ATLANTA--(BUSINESS WIRE)--

  • The results after switching from intravenous (IV) to subcutaneous (SC) treatment at Week 30 were comparable with that of maintaining CT-P13 SC up to Week 54 (up to Week 64 for safety profile)1
  • The study showed CT-P13 SC achieved a sustained mean serum concentration and demonstrated a comparable efficacy profile; CT-P13 SC could provide a benefit to patients with an alternative, convenient way of administration 1
  • Celltrion Healthcare also presented data from the first-in-human study of CT-P17, a recombinant humanised monoclonal antibody that was developed as a biosimilar to the reference product, adalimumab2

Celltrion Healthcare today announced data, at the American College of Rheumatology (ACR) annual meeting, from a study further investigating the efficacy, pharmacokinetics and safety, including immunogenicity, of CT-P13 SC over a one-year treatment period and after switching from CT-P13 IV to CT-P13 SC in people with rheumatoid arthritis (RA).1 A previous study demonstrated the non-inferiority of CT-P13 SC to CT-P13 IV and compared the efficacy, pharmacokinetics and safety profiles of CT-P13 SC with CT-P13 IV in people with RA over 30 weeks.3

People who received full doses of CT-P13 IV 3 mg/kg at Weeks 0 and 2 were randomly assigned to receive either CT-P13 SC 120 mg via pre-filled syringe biweekly (from Week 6 to Week 28) or CT-P13 IV 3mg/kg every 8 weeks (from Week 6 to Week 22). From Week 30 all people received CT-P13 SC 120 mg via pre-filled syringe biweekly up to Week 54.1

The efficacy up to Week 54 showed a similar trend between CT-P13 SC and CT-P13 IV arms even after switching from IV to SC treatment at Week 30 in terms of DAS28 (CRP) mean scores, ACR20/50/70 and EULAR-CRP response.1

In the CT-P13 SC arm, the mean serum concentration before study drug administration increased from Week 6 and generally maintained a consistent level from Weeks 14 to 54 as a result of biweekly CT-P13 SC injections. After switching from IV to SC at Week 30, the mean serum concentration gradually increased from Week 30 and maintained a consistent level up to Week 54.1

The results after switching from IV to SC treatment at Week 30 were comparable to that of maintaining CT-P13 SC up to Week 54 (up to Week 64 for safety profile). The proportion of people who had anti-drug antibody (ADA) positive results and had post-treatment ADA positive results were comparable between the two arms and numerically lower in the CT-P13 SC arm.1

“Non-inferiority of efficacy for CT-P13 SC to CT-P13 IV was demonstrated by the change from baseline DAS28 (CRP) at Week 22. The serum concentration of CT-P13 SC was well maintained up to Week 54. Safety results of CT-P13 SC showed similar profiles to CT-P13 IV during the study,” said Professor Rene Westhovens, Rheumatologist at the University Hospitals KU Leuven, Belgium. “Hence, CT-P13 SC showed lower ADA than CT-P13 IV which indicates high trough level potentially leading to better PK pattern and positive efficacy profile. The results show that the novel SC formulation of CT-P13 via pre-filled syringe could provide a favourable benefit to people with an alternative convenient way of administration.”

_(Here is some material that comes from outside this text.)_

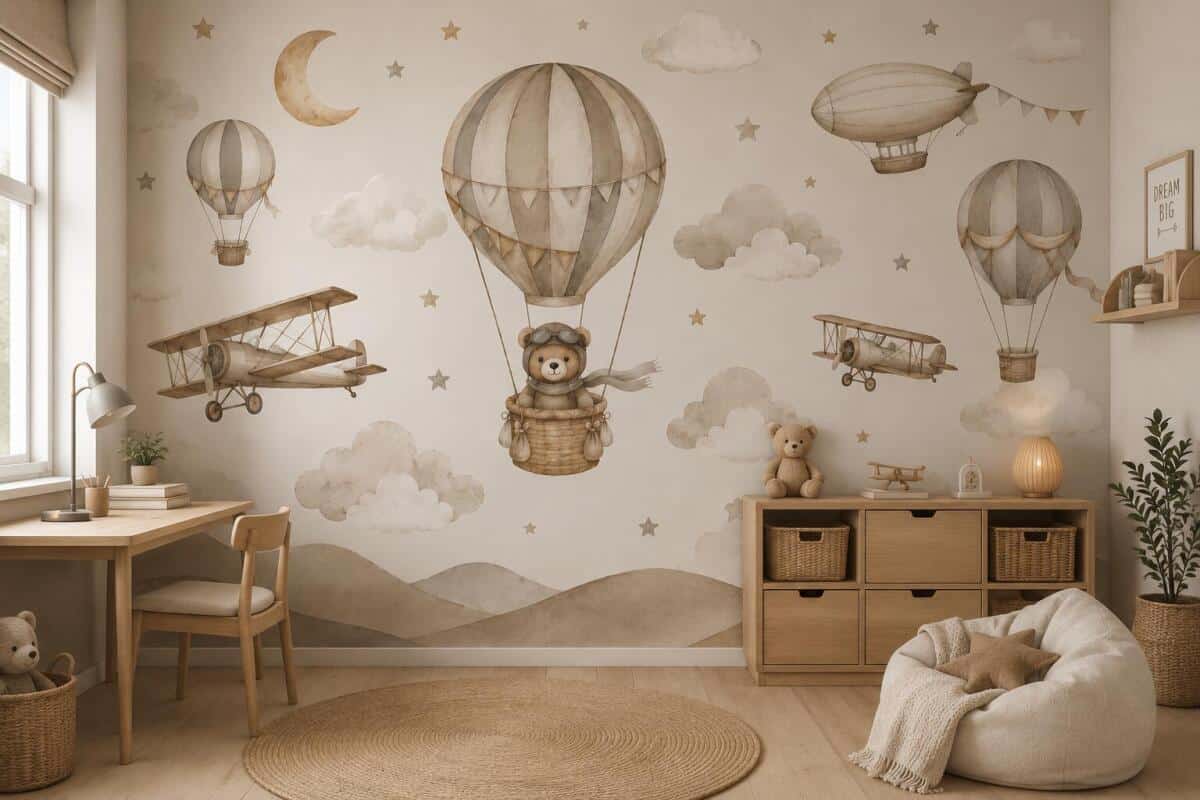 Dziecięca fototapeta- Miś, Balony i Samoloty | Beżowa Tapeta do pokoju dziecka 76064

Celltrion Healthcare also announced data from a first-in-human study of CT-P17, a recombinant humanised monoclonal antibody developed as a biosimilar to the reference product adalimumab. The study was designed to evaluate the safety, including immunogenicity and pharmacokinetics, of CT-P17 (40 mg/0.4 mL) compared with EU-reference adalimumab (40 mg/0.4 mL) in healthy male subjects.2

In this phase 1, randomised, double-blind, active comparator study, healthy male subjects aged 18 to 55 years (N = 30) were randomised in a 1:1 ratio to receive 40 mg of either CT-P17 or EU-reference adalimumab by SC injection.

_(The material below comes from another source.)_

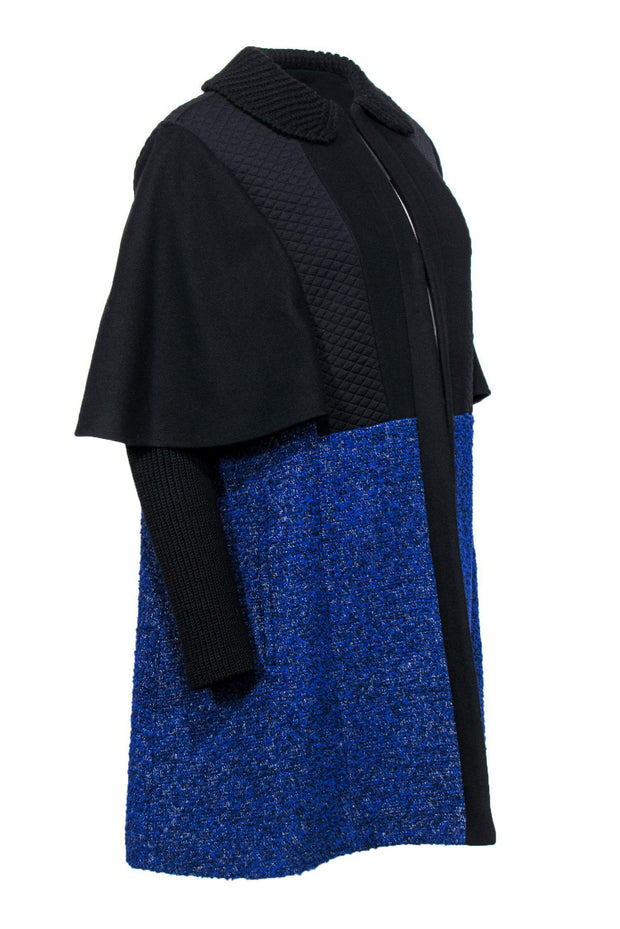 Current Boutique-Missoni - Black & Blue Clasped Longline Caped Coat Sz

Single SC doses of 40 mg of CT-P17 or EU-reference adalimumab were well-tolerated and the safety profile of CT-P17, including immunogenicity, was comparable with that of EU-reference adalimumab in these healthy male subjects.

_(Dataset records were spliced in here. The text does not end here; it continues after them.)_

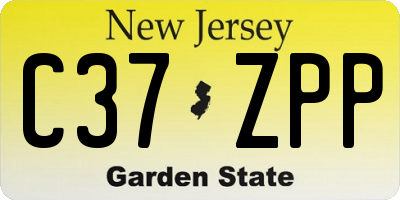 NJ license plate C37ZPP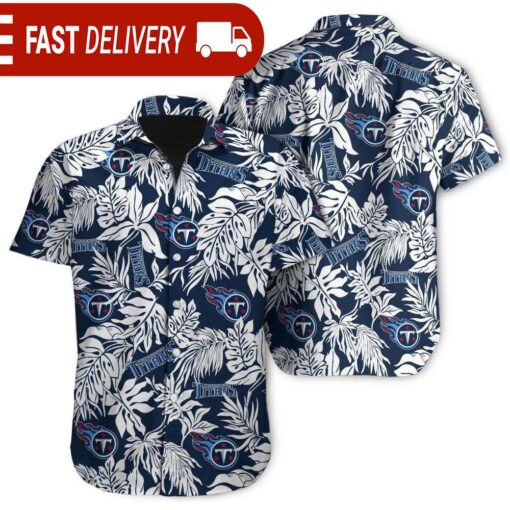 Tropical Leafs Tennessee Titans NFL Button Up Hawaiian Shirt - available at - sportfansshop.com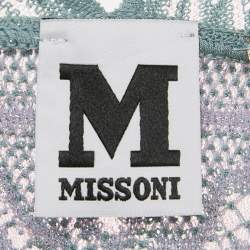 M Missoni Ice Blue Lurex Textured Knit V-Neck Top L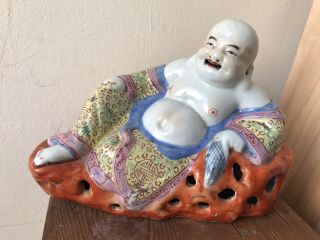 Rare Antique Chinese Famille Rose Jaune Porcelain Resting Buddha Statue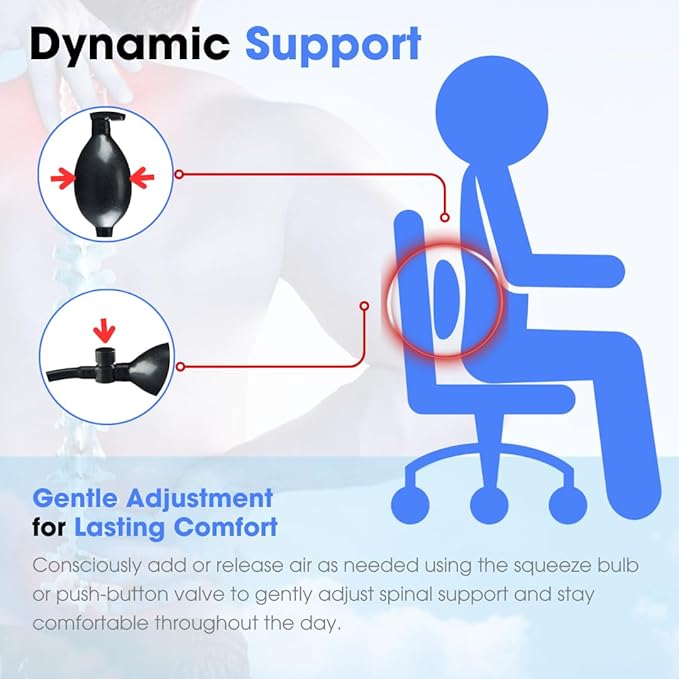 Innotech LumbAIRPlus – Premium Portable Inflatable Lumbar Support Cushion with Enhanced Adjustable Air System for Customized Comfort, Black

“Overall, the proportion of subjects with positive ADA and neutralising antibodies results after the study drug administration was similar in the two treatment groups,” said Professor Edward Keystone, Senior Consultant Rheumatologist, Mount Sinai Hospital, Toronto, Canada. “Pharmacokinetic results were also comparable between the two treatment arms.”

Mr Hyoung-Ki Kim, Vice Chairman at Celltrion Healthcare, said, “With the availability of the CT-P13 SC, patients could now be treated with infliximab SC before switching to other costly antibodies with a different mechanism of action such as JAK-inhibitors. Celltrion Healthcare will target CT-P13 SC as the preferred agent for second-line treatment in rheumatoid arthritis. Together with the subcutaneous formulation of CT-P13, the development of the biosimilar adalimumab, CT-P17, will offer opportunities in improving access to treatment and increasing treatment options worldwide. Celltrion Healthcare remains highly committed to developing our biosimilar portfolio and delivering value to patients, payers and healthcare providers.”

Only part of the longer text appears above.